The hedge fund incentive based model is bad, as it stands, but it can be made into an ideal model with a couple of small tweaks.

First, the ad valorem fee needs to be less than 50 bps.

Second, the incentive fees collected need to be placed in an escrow and then released annually on a rolling basis after a predetermined number of years (three to five to make sure you capture a large part of the business cycle) and only released it certain medium term performance objectives are met (otherwise, the escrow is returned to the investor(s)).

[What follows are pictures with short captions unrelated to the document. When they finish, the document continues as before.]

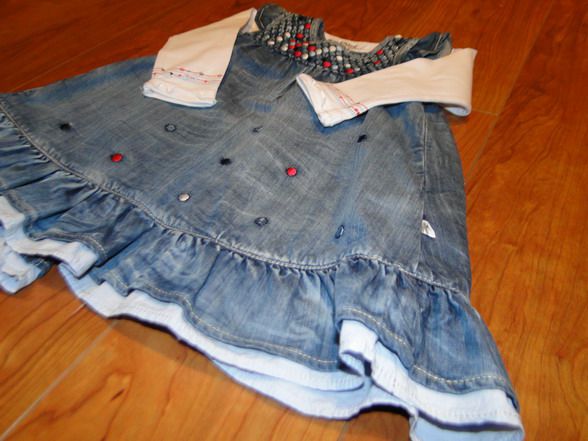 Jeans za deklice ( Benetton, Next),... - foto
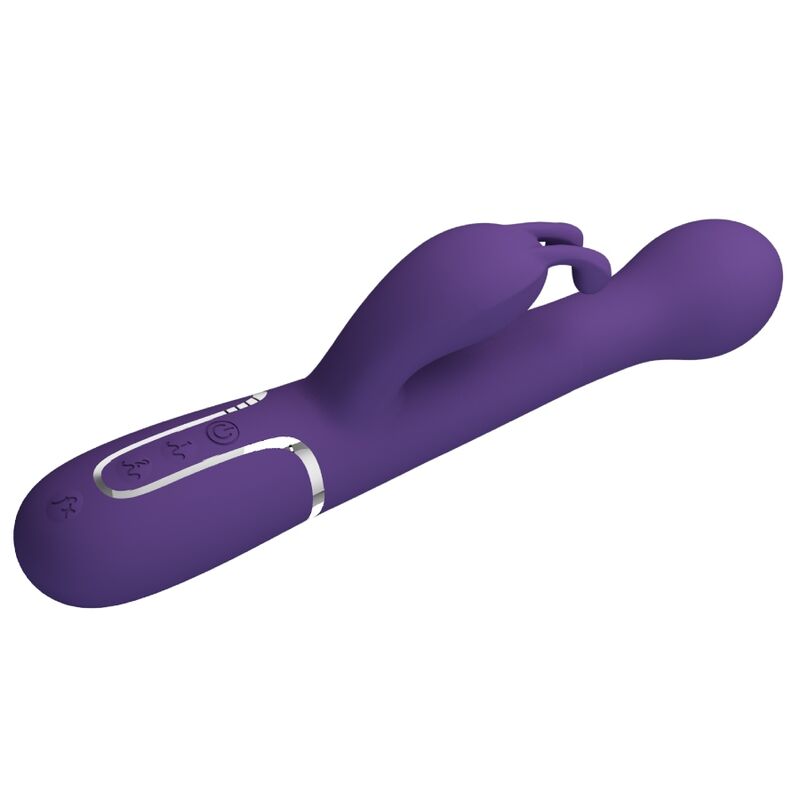 PRETTY LOVE - Dejon 3-i-1 Rabbitvibrator Lilla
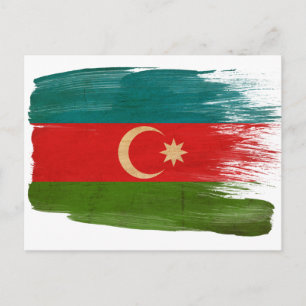 Cartes postales du drapeau d'Azerbaïdjan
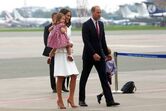 William, Kate, George e Charlotte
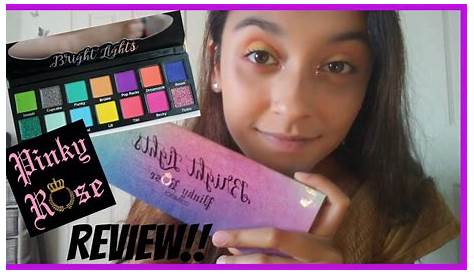 Pinky Rose Bright Lights Palette Review Electro Eyeshadow Glitter Eyeshadow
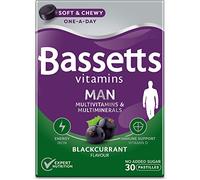 Bassett's Vitamins Man Multivitamins & Multiminerals – Blackcurrant Flavour – 30 Gummy Pastilles
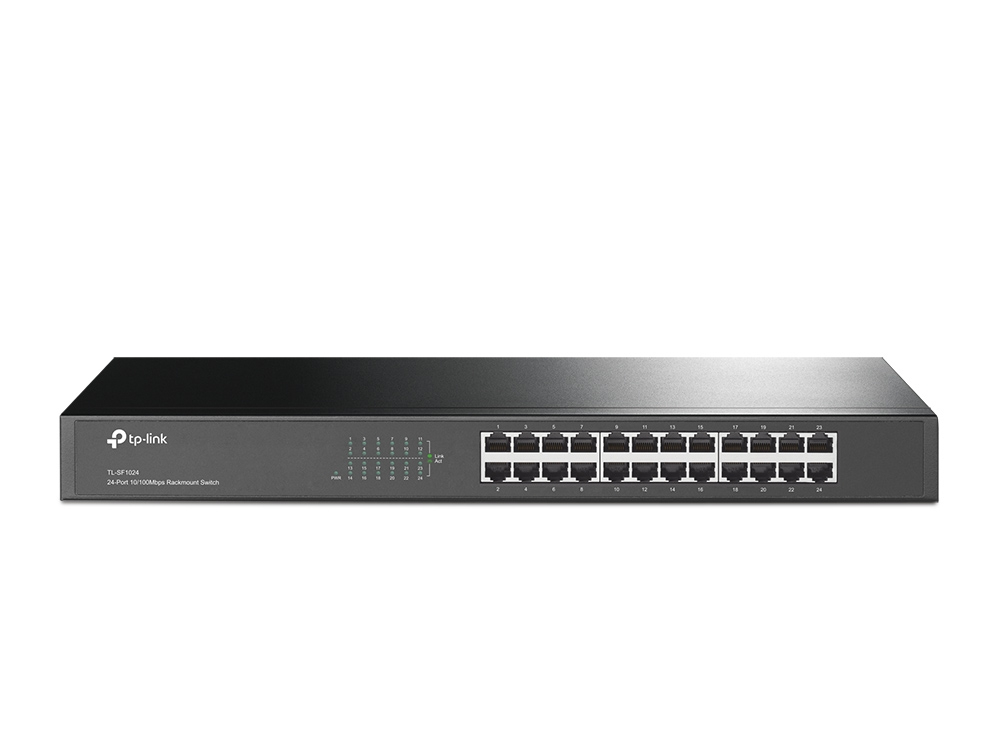 [TL-SF1024] TL-SF1024 TP-Link : 24-port Unmanaged 10/100M Rackmount Ethernet Switch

There are a number of ways this could be implemented, but the key point is that they need to earn those fees before they are released.

The fact that the average hedge fund lasts about 4 years tells me that they are just biting off outsize beta during boom years, collecting large incentive fees, and then closing shop when their strategies turn against them. Without clawback provisions, they face no ill consequences and then start over again during the next up-cycle.

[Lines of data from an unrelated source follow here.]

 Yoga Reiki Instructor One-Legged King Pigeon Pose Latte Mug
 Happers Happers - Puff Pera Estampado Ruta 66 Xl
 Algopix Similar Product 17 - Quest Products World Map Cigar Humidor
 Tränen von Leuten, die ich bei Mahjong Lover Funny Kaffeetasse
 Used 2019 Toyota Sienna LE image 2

This is the primary flaw with the high water-mark provisions that are sometimes expressed in the investment contracts with hedge funds. If they fall below the HWM, managers just close up shop and start a new hedge fund with the basis reset. The escrow resolves this obvious flaw (n.b., the HWM can be implemented as part of the criteria for release of fees from escrow to the investment manager).

Matthew said...

BTW: Hello everyone. Some days I regret not staying retired. I miss swapping market anecdotes all day here.

QQQQ said...

B22, maybe, this guy has a different approach to investing.
http://www.rickferri.com/blog/

I know I hate what WFC charges me to hold my 401k but only in it for the near 20% yearly match, now you can't get that instant return on that years donation. my god, I control my own investments with them and just to park my money in their MM fund, they have monthly asset fees.
( 12/09/11 Wells Fargo Stable Return G Pretax Asset Fees -$xx.xx AND 12/09/11 Wells Fargo Stable Return G ER MATCH Asset Fees -$xx.xx )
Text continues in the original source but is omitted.